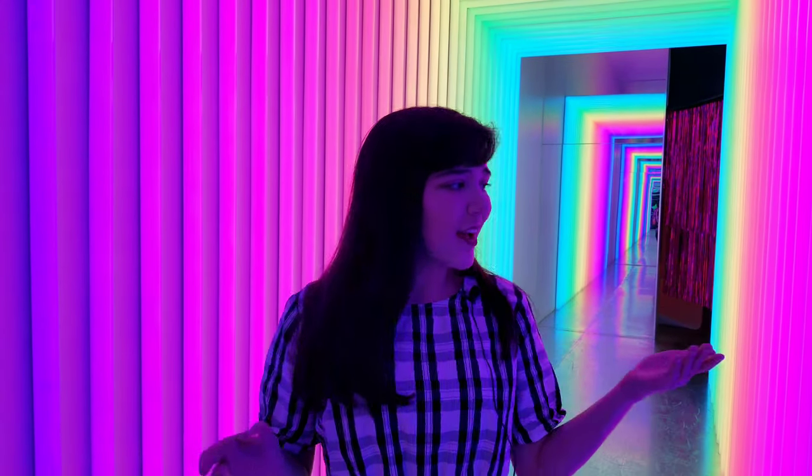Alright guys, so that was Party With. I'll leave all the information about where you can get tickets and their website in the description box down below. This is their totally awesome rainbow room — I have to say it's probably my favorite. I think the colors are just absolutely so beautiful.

...

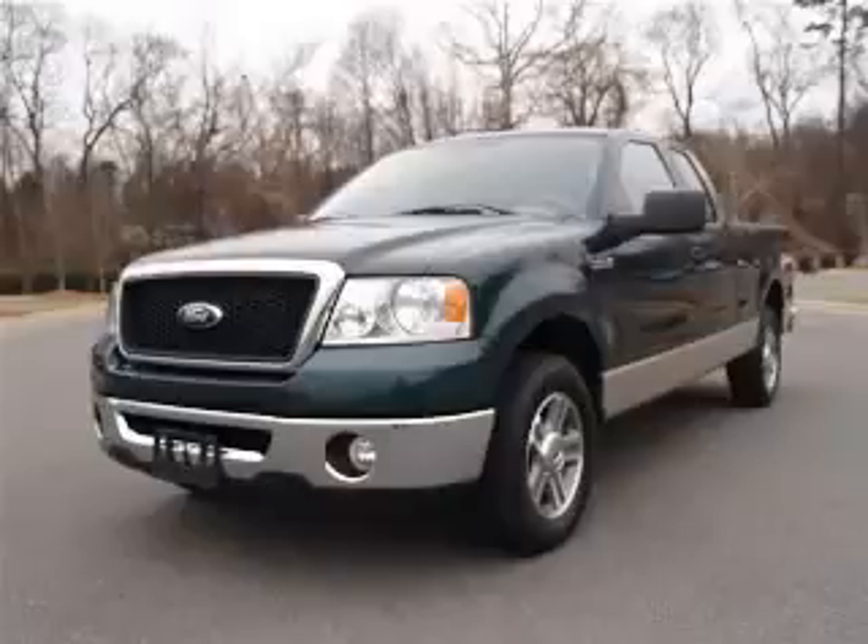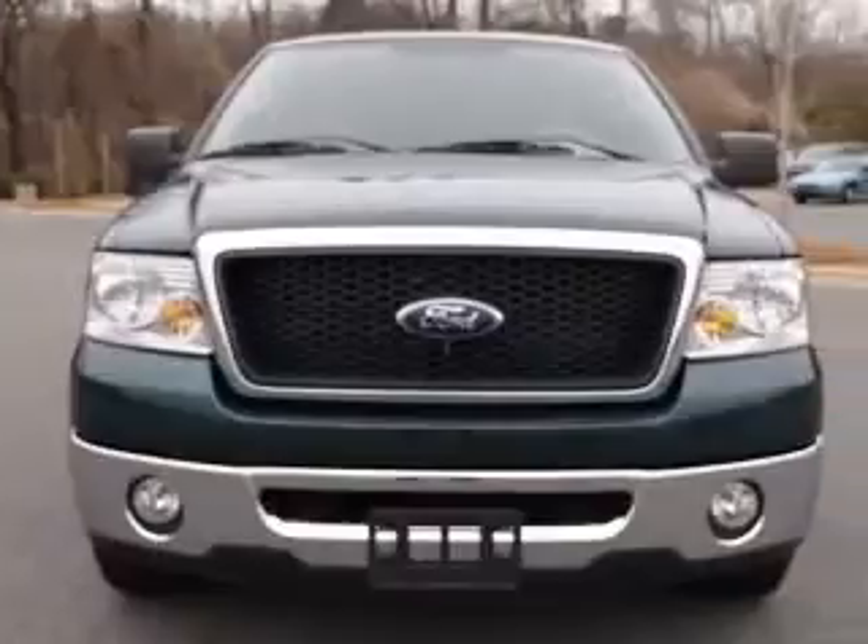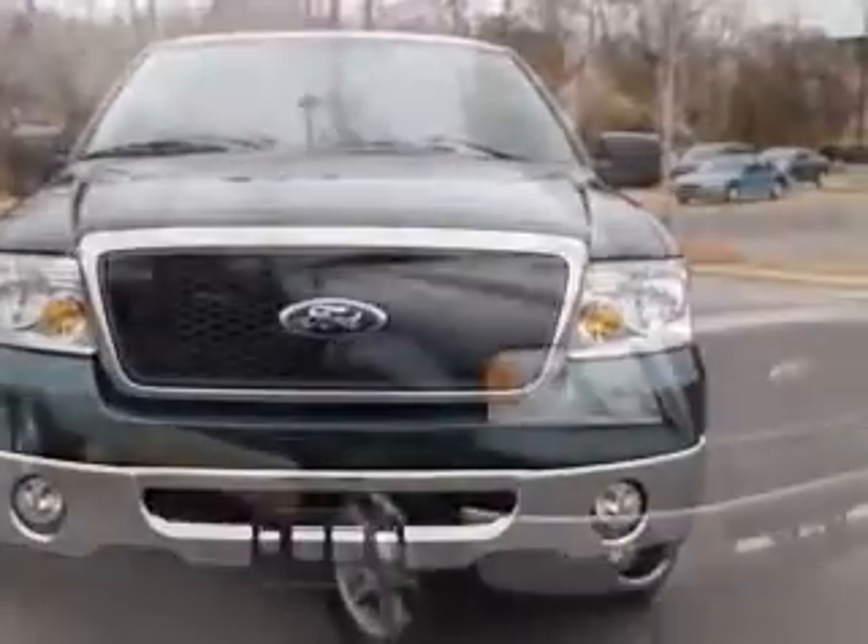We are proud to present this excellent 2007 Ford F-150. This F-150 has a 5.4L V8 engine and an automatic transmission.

--

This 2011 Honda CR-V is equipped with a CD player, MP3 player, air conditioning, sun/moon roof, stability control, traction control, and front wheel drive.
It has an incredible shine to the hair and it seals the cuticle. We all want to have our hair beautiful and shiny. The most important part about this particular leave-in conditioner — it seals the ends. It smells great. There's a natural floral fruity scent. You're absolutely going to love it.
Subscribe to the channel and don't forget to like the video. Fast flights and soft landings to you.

→ **Task**: Return only the lines between the one holding "It has an incredible" and the one holding "Subscribe to the", inclusive, exactly as they appear above.

→ **Exercise response**:
It has an incredible shine to the hair and it seals the cuticle. We all want to have our hair beautiful and shiny. The most important part about this particular leave-in conditioner — it seals the ends. It smells great. There's a natural floral fruity scent. You're absolutely going to love it.
Subscribe to the channel and don't forget to like the video. Fast flights and soft landings to you.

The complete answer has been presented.